Durant la bataille d’Okinawa, deux frères s’aimant réciproquement n’ont pas d’autre choix que de mutuellement se combattre. Tandis que l’aîné fait partie des troupes américaines, le cadet est enrôlé dans une unité nippone de jeunes soldats. Comment cela a-t-il pu arriver ? Pourquoi sont-ils désormais ennemis dans ce terrible conflit ?

Les frères Agarie, Seiyû et Yasuharu, ont véritablement existé et, d’ailleurs, lors de la sortie de cet épisode ils étaient encore en vie. Saigo no Kizuna insère régulièrement des entretiens avec eux et illustre leur parcours respectif depuis la fin de la guerre. Le tanpatsu explique dès le départ avoir volontairement pris quelques libertés et romancé la réalité, ne serait-ce déjà que pour proposer un divertissement le plus réussi possible. Les principaux concernés ayant accepté d’y apparaître, il est probable qu’ils cautionnent ce qui y est dépeint. Le fait de les voir, alors qu’ils sont désormais très âgés, apporte un vrai plus et crédibilise grandement le fond de ce faux documentaire. Savoir que ces personnes ont réellement été confrontées à un tel dilemme maximise la tragédie de plusieurs scènes. En revanche, il ne faut pas nier que leur sort étant révélé au tout début, le suspense et la tension perdent en intensité, même si les deux sont tout de même latents tout au long de l’épisode. Avoir regardé dernièrement le long tanpatsu 99-nen no Ai – croquant plusieurs générations de Japonais ayant émigré aux États-Unis au début du XXè siècle – s’est avéré une excellente idée. Effectivement, pour peu que l’on n’y connaisse pas grand-chose au sujet, cette production offre des clés de visionnage pertinentes pour mieux appréhender Saigo no Kizuna. Les deux séries se rejoignent finalement sur de nombreuses thématiques. Ce mélange savamment rythmé entre documentaire et fiction fonctionne convenablement ici et insère un réalisme appréciable. La mise en scène est d’ailleurs tout à fait correcte en dépit d’un montage classique. Okinawa disposant de décors paradisiaques, les paysages sont magnifiques et ils ont la chance d’être suffisamment valorisés, tout comme la fierté d’être issu de cet archipel. Par contre, difficile de ne pas émettre un bémol sur la musique. Bien qu’elle soit superbe et favorise l’empathie comme il se doit, elle n’est pas inédite. En effet, elle est constituée de compositions entendues dans d’autres fictions – à savoir, si je ne m’abuse, Letters from Iwo Jima, TRON: The Legacy, Marumo no Okite et… Buffy the Vampire Slayer !

     

Les Agarie forment une famille plutôt pauvre tentant envers et contre tout de joindre les deux bouts.

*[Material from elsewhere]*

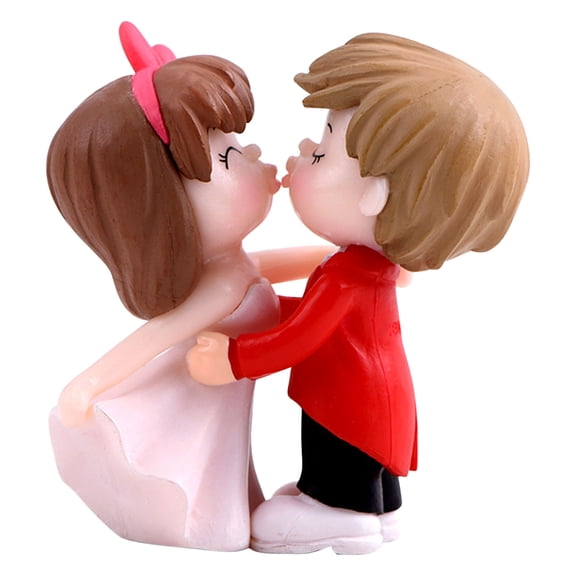 2Pcs Cute Kissing Couple Doll Combination Resin Ornament Home Decor Plastic Material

Malheureusement, l’époque est telle que les parents ont beaucoup de difficultés à nourrir correctement leurs quatre enfants, dont certains sont encore très jeunes. Bien que l’aîné, Seiyû, rêve depuis toujours d’intégrer l’Académie navale impériale, son père, Seichô (un Ôsugi Ren – My Boss, My Hero – bien trop cabotin) lui demande de partir saisir sa chance de l’autre côté du Pacifique en tant qu’agriculteur. Là-bas, il devrait obtenir une vraie situation et sera à même d’envoyer régulièrement de l’argent au Japon. Ce que Seichô tait, c’est qu’en poussant Seiyû vers les États-Unis, c’est qu’il l’empêche aussi volontairement de devenir militaire. La guerre sino-japonaise faisant rage, il ne veut pas que sa chair serve un quelconque conflit et soit tuée. Proche de son entourage et respectueux de ses parents, Seiyû accepte contre son gré cette requête et traverse l’océan. Deux années passent. Cumulant les petits travaux très mal payés, il souffre de ne pouvoir supporter financièrement comme il le souhaiterait sa famille. C’est pourquoi il décide de tenter le tout pour le tout et de changer son nom, devenant Frank Higashi. Peu après, le gouvernement américain oblige ceux dans leur vingtaine à faire leur service militaire, même s’ils ne sont que des immigrants tels que Seiyû. S’ils refusent, ils sont renvoyés dans leur pays. À l’instar d’autres compatriotes – dont deux joués par Mizobata Junpei et Kaku Kento –, Seiyû est enrôlé de force comme soldat. Et soudain, le Japon attaque Pearl Harbor, la guerre se mondialisant. Le jeune homme, âgé de vingt-six ans, ne veut pas retourner au Japon pour combattre les siens ! Or, il n’a pas le choix. Il se retrouve embarqué vers Okinawa, mais il espère pouvoir faire la différence et inciter les autochtones à se rendre pour limiter au maximum les pertes humaines. Ce dont il ne se doute pas, c’est que son petit frère subit également des bouleversements quelque peu similaires.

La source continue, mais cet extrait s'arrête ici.